Criticisms and Future Directions

In the archway model, the column representing situational determinants is equal in size and, ostensibly, importance to the column representing personal career determinants. However, as suggested by the person as keystone, Super’s theory is held together by the central salience of the individual. The better able people are to match their interests, values, needs, and abilities to an occupation, the more likely they are to have a satisfying and productive career. This fundamental premise that a successful career choice depends on successful implementation of the self-concept underlies the most significant criticism of Super’s theory: that it overemphasizes the role of the individual and underestimates the role of the environment and culture. For example, although Super’s theory clearly acknowledges situational determinants of career, some have argued that the theory does not adequately acknowledge the impact of discrimination and circumscribed opportunities faced by many persons of color and others. In addition, the emphasis on individual choice fails to acknowledge the important role of the family or group for individuals from more collectivist cultures or with a more interdependent sense of self, such as Asian Americans.

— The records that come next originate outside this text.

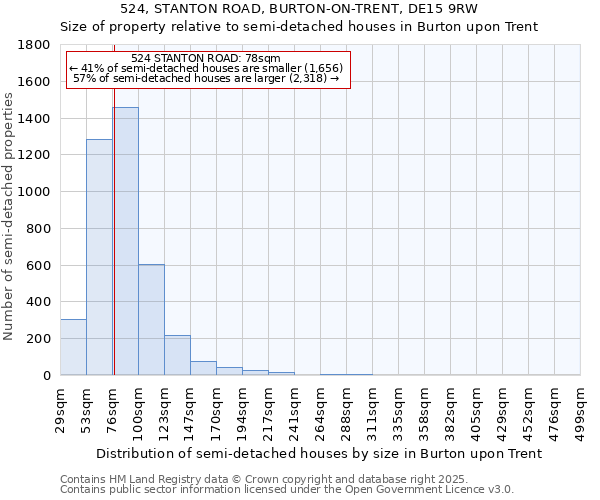 524, STANTON ROAD, BURTON-ON-TRENT, DE15 9RW: Size of property relative to semi-detached houses houses in Burton upon Trent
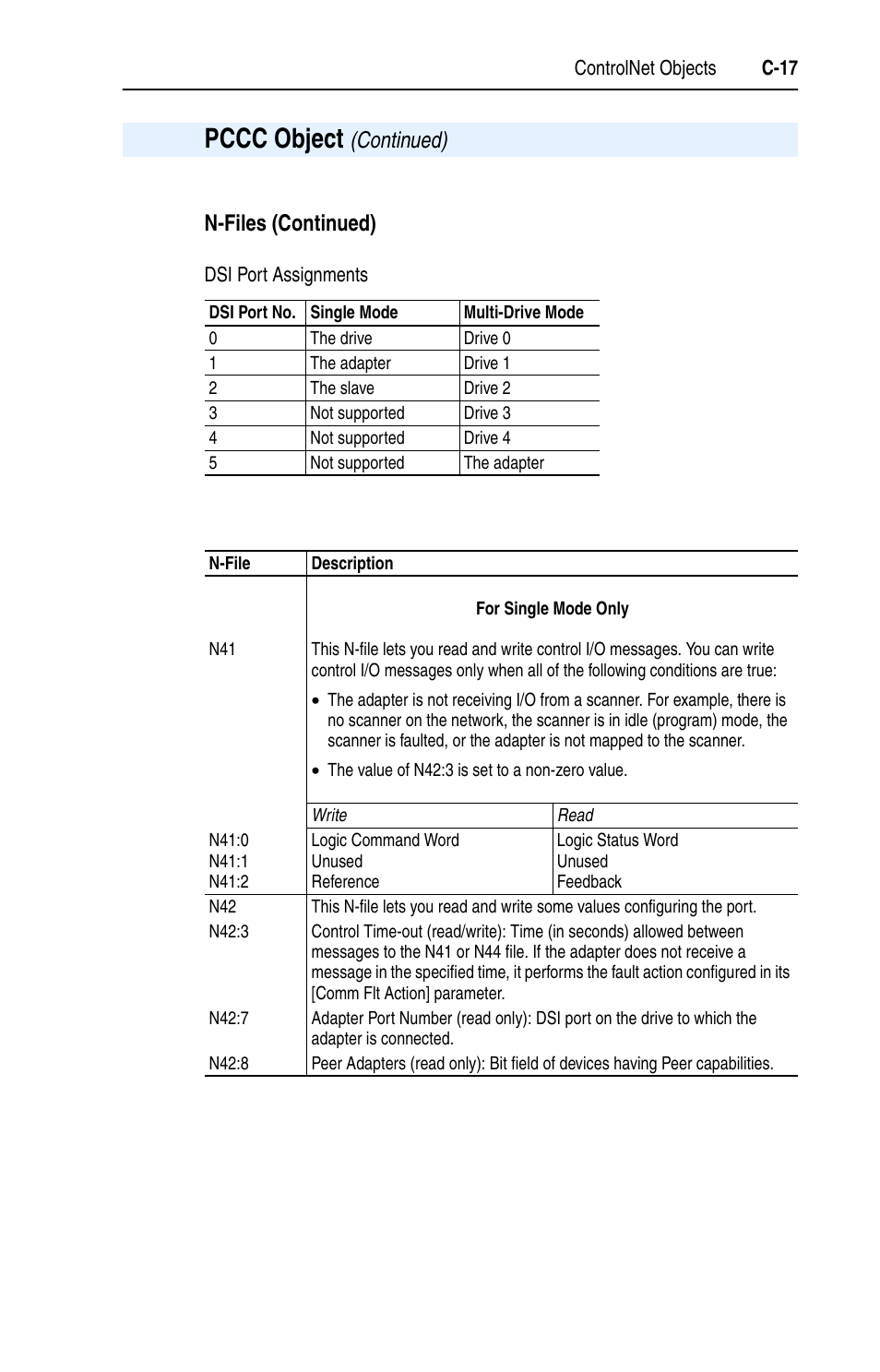 N-files (continued) | Rockwell Automation 22-COMM-C ControlNet Adapter User Manual | Page 135 / 164
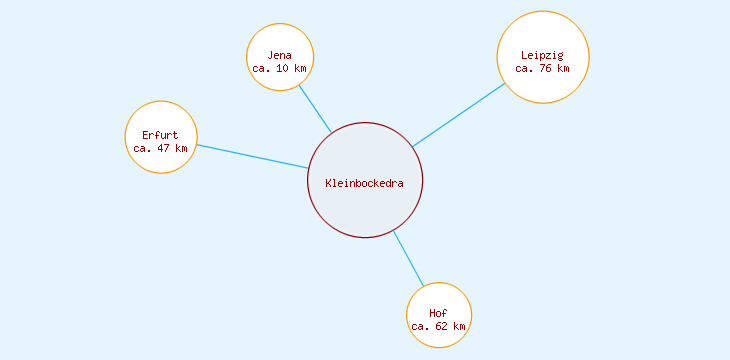 Distanzen Kleinbockedra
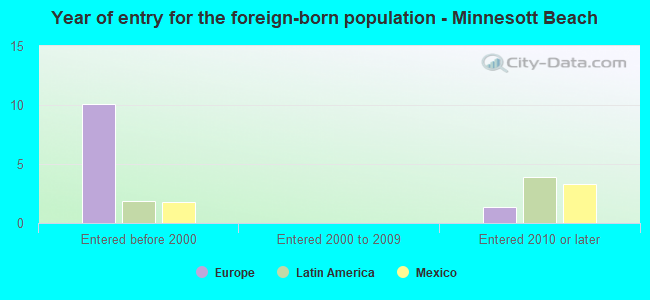 Year of entry for the foreign-born population - Minnesott Beach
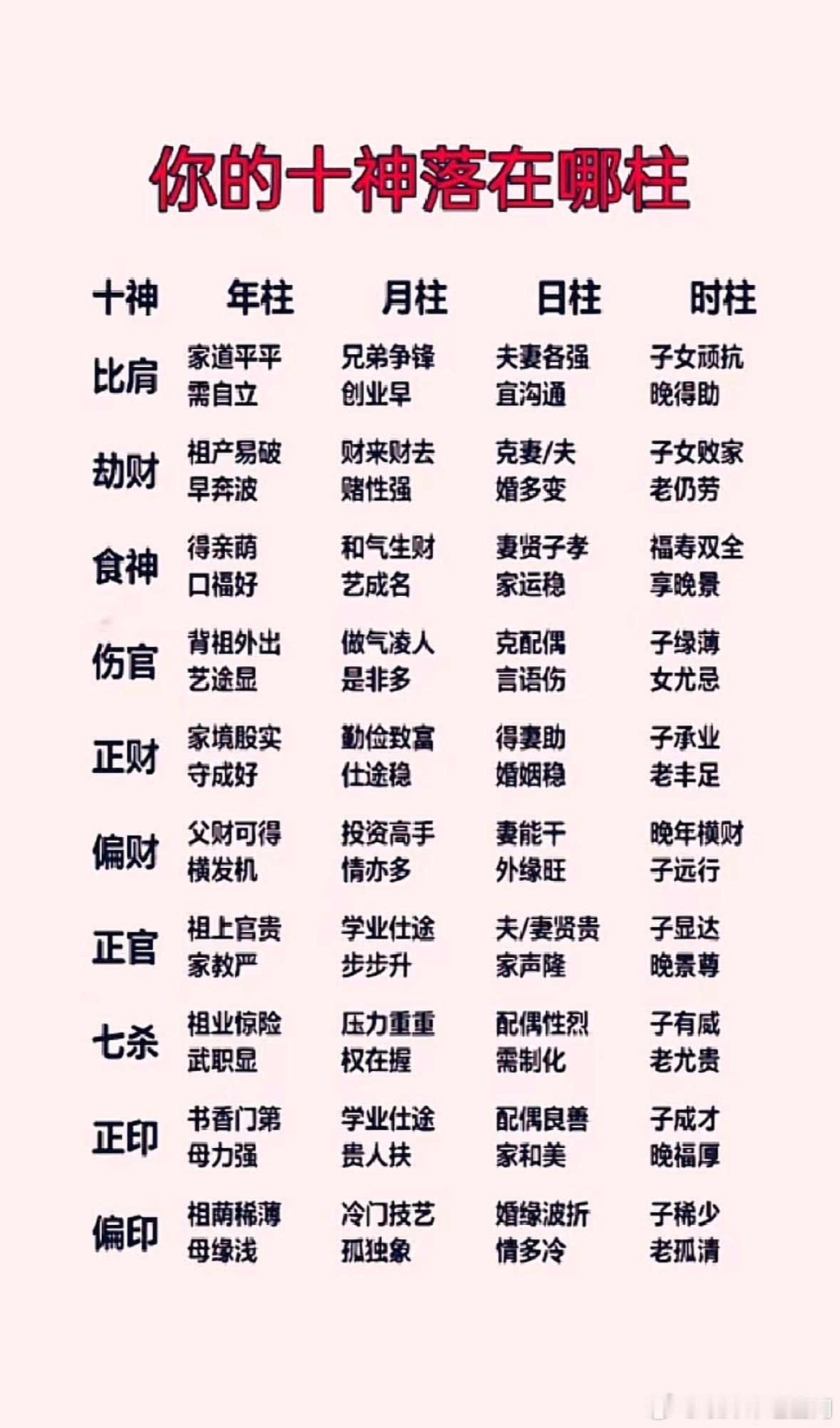 你的十神落在柱。代表什么？ 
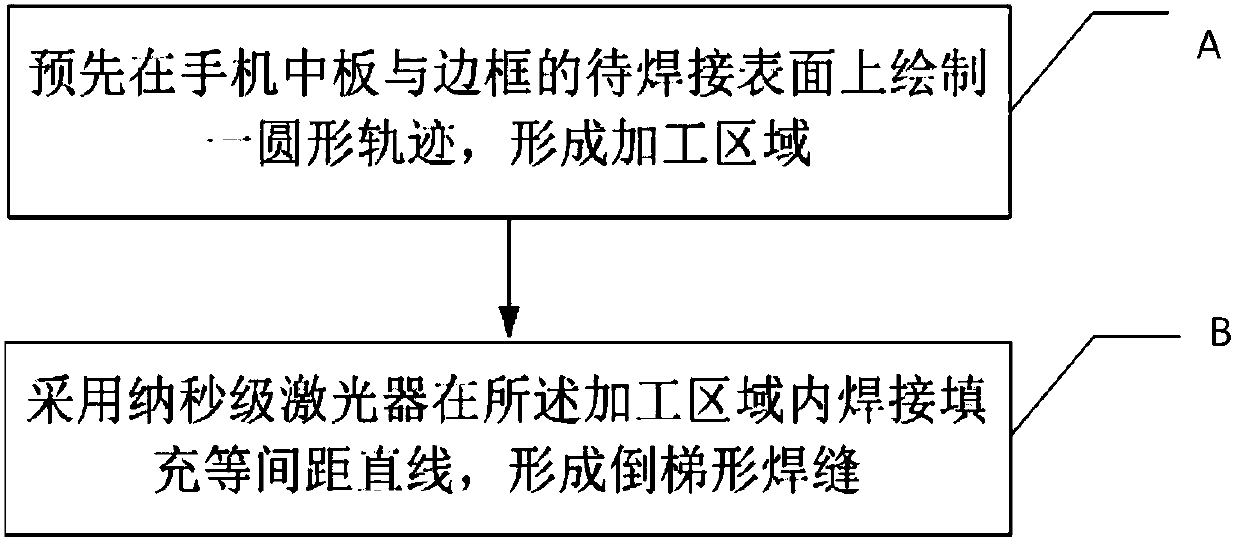 Laser welding method for medium plate and frame of mobile phone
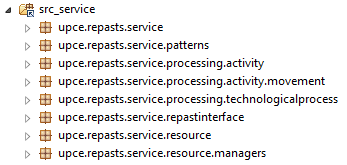 Obrázek 15 Struktura balíčků RepastS Service Zdrojové kódy jsou rozděleny do balíčku dle logického uspořádání (viz. Obrázek 15): Patterns balíček obsahuje rozhraní pro použité návrhové vzory.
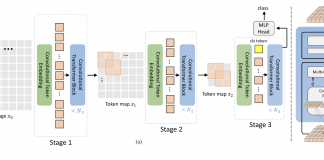 Researchers from McGill University and Microsoft Introduces Convolutional vision Transformer (CvT) that improves Vision Transformer (ViT) in Performance and Efficiency by Introducing Convolutions into ViT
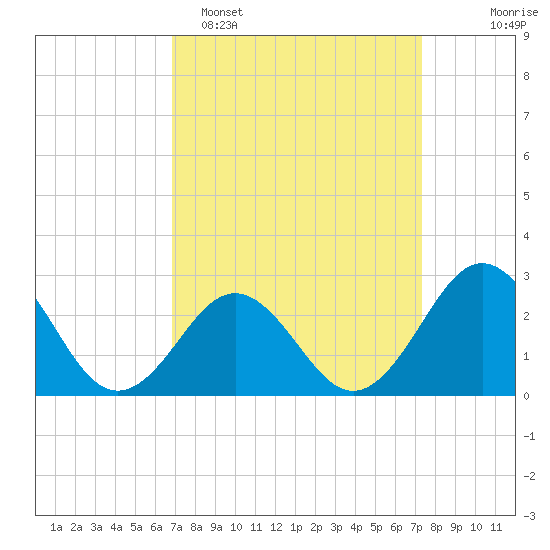 Cape Hatteras tide chart for Thursday, March 28, 2024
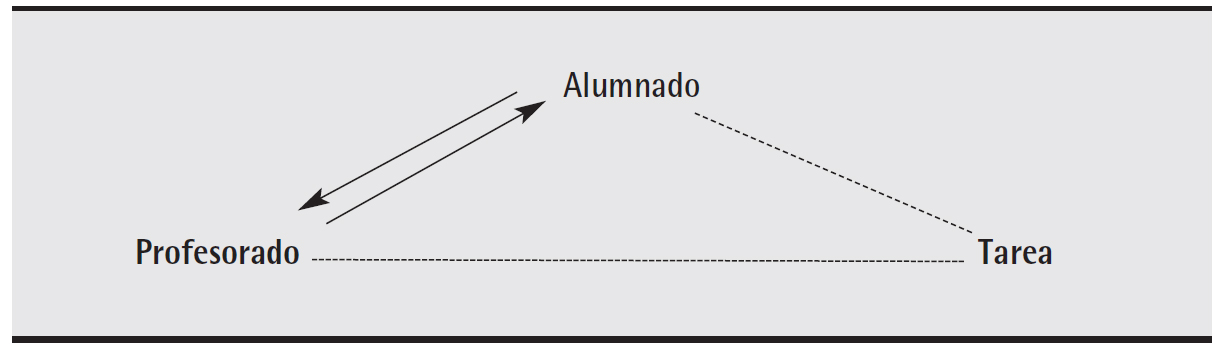 El apego ansioso en el Triángulo del aprendizaje. Tomado de Geddes, 2010 (12)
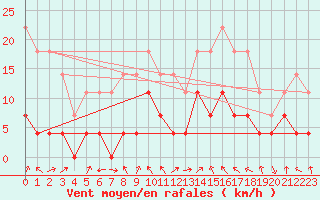 Courbe de la force du vent pour Lillehammer-Saetherengen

Despite these criticisms, which Super himself acknowledged, his theory of vocational development remains one of the most influential approaches to understanding vocational development. His developmental approach moved the focus from a one-time adolescent or young adult career choice to an understanding of the multiple influences from birth through death that shape a lifetime of career behaviors. Furthermore, the theory has clear counseling applications. Although aspects of the theory may need to be modified when applied with clients from some cultural groups, Super’s developmental approach to understanding career behavior across the life span, refined across several decades, remains of tremendous relevance. Future directions that would increase the relevance and utility of the theory include greater attention to cultural context and to development in the later stages.

References:

  1. Ginzberg, E., Ginsburg, S. W., Axelrad, S., & Herma, J. L. (1951). Occupational choice: An approach to a general theory. New York: Columbia University Press.
  2. Leong, F. T. L., & Brown, M. T. (1995). Theoretical issues in cross-cultural career development: Cultural validity and cultural specificity. In W. B. Walsh & S. H. Osipow (Eds.), Handbook of vocational psychology: Theory, research, and practice (2nd ed., pp. 143-180). Hillsdale, NJ: Lawrence Erlbaum.
  3. Super, D. E. (1957). The psychology of careers. New York: Harper.
  4. Super, D. E. (1992). Toward a comprehensive theory of career development. In D. H. Montross & S. J. Shinkman (Eds.), Career development: Theory and practice. Springfield, IL: Charles C Thomas.
  5. Super, D. E., Crites, J. O., Hummel, R. C., Moser, H. P., Overstreet, P. L., & Warnath, C. F. (1957). Vocational development: A framework for research. New York: Bureau of Publications, Teachers College, Columbia University.
  6. Super, D. E., Osborne, W. L., Walsh, D. J., Brown, S. D., & Niles, S. G. (1992). Developmental career assessment and counseling: The C-DAC model. Journal of Counseling & Development, 71, 74-80.
  7. Super, D. E., Savickas, M. L., & Super, C. M. (1996). The life-span, life-space approach to careers. In D. Brown, L. Brooks, & Associates (Eds.), Career choice and development (3rd ed., pp. 121-178). San Francisco: Jossey-Bass.